The Champion 4 is the right answer to a very specific question: which toilet is least likely to clog no matter what. If that is the question, the 2-3/8 inch trapway and 4 inch valve make the answer straightforward. But if the question is which toilet performs best across flush power, water efficiency and long-term reliability combined, the Drake edges it out because the Champion 4 uses 25 percent more water per flush to achieve the same 1000 g MaP result.

The UltraMax II brings TOTO's Double Cyclone flush technology and a fully glazed trapway into a seamless one-piece format, delivering the same 1000 g MaP performance as the Drake with the added benefit of having no tank-to-bowl seam to collect dust or leak.
TOTO's Double Cyclone system uses two nozzles to generate a cyclonic water flow around the bowl rather than relying solely on rim holes, which produces a thorough rinse of the bowl surface in addition to the flushing force.
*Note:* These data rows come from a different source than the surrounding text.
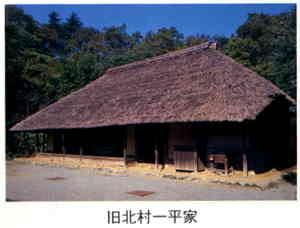 林を背後に建つ、木造藁ぶき屋根の平屋の旧北村一平家の外観写真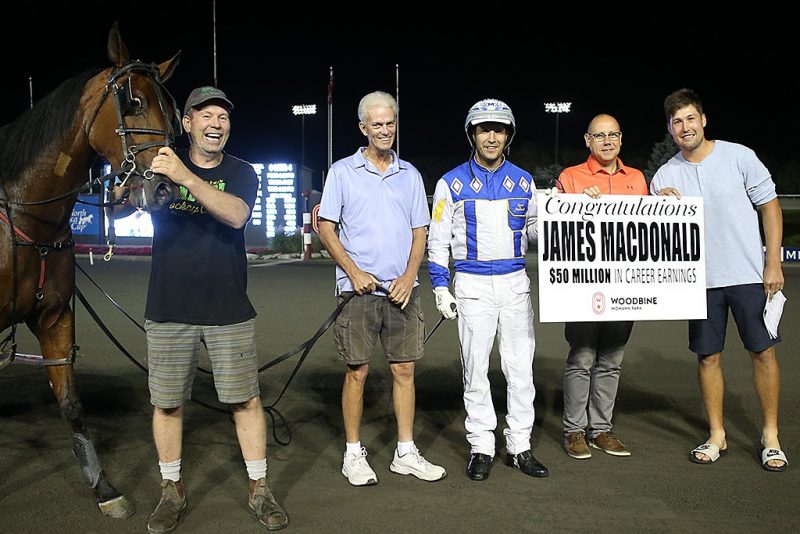 James MacDonald is congratulated by Bill McLinchey, Director of Standardbred Racing, and is joined by Dewitt This Moment's connections of Paul Ritchie, Jim Ritchie and Nick Ritchie. (New Image Media)
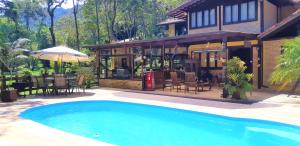 a house with a swimming pool in front of a house at Arara Azul in Nova Friburgo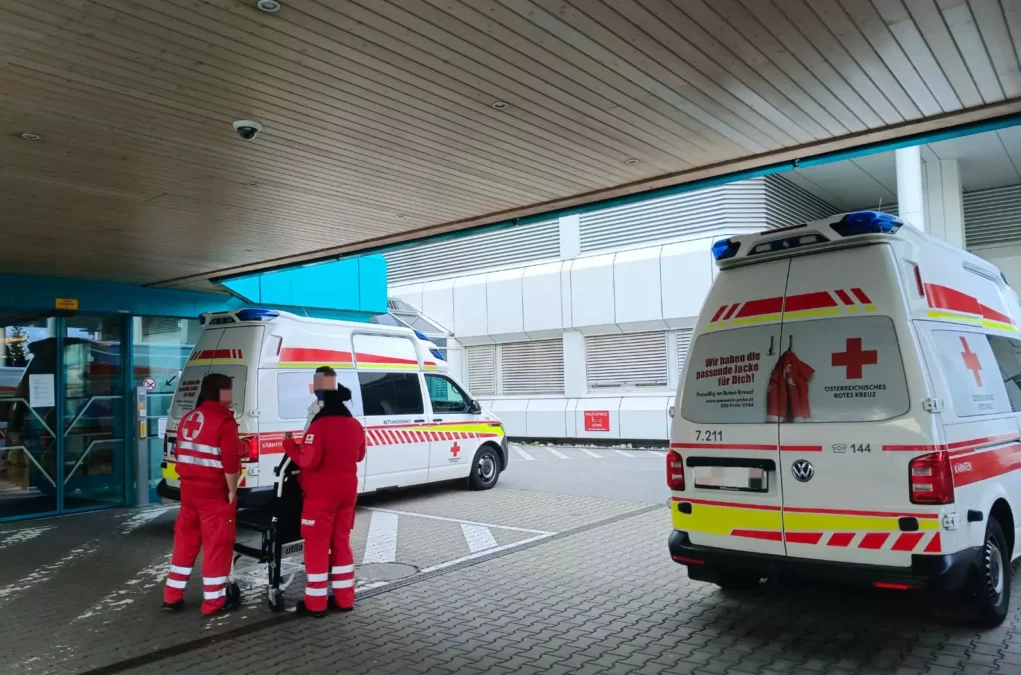 Ein Bild auf 5min.at zeigt den Haupteingang des Landeskrankenhauses Villach. Davor stehen Rettungskräfte. Ein Rettungswagen parkt auf der rechten Seite.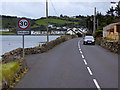 D3608 : Coast Road at Ballygalley by David Dixon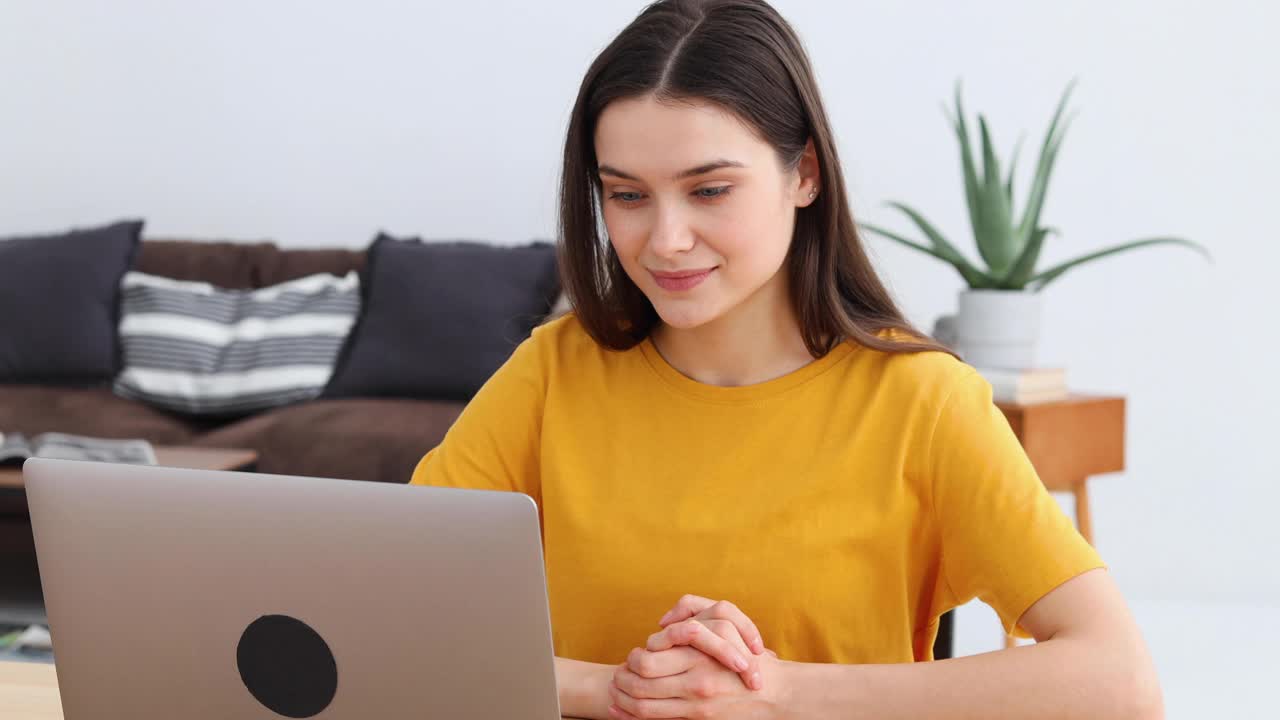 年轻女性自由职业者或学生做一个视频电话在家里使用笔记本电脑视频下载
The 2-1/8 inch fully glazed trapway with CeFiONtect ionized glazing on eligible configurations resists buildup better than unglazed surfaces. Owner reviews place it among the highest-rated TOTO models on overall satisfaction, particularly for the cleaning ease that comes from the one-piece design.
The UltraMax II is heavier than the Drake and costs more, which are the two factors that steer buyers toward the two-piece when budget and installation ease are primary concerns. But if you want the best TOTO trapway and flush performance in a one-piece body, the UltraMax II is the pick. Our comparison of the TOTO Drake versus UltraMax II details every specification difference between the two.
The UltraMax II is the toilet for buyers who refuse to compromise between form and function. It delivers the same 1000 g MaP flush strength as the Drake and the same 2-1/8 inch glazed trapway in a sleeker one-piece shell. The price premium over the Drake is real but buys you a toilet that is genuinely easier to clean and looks better in a finished bathroom.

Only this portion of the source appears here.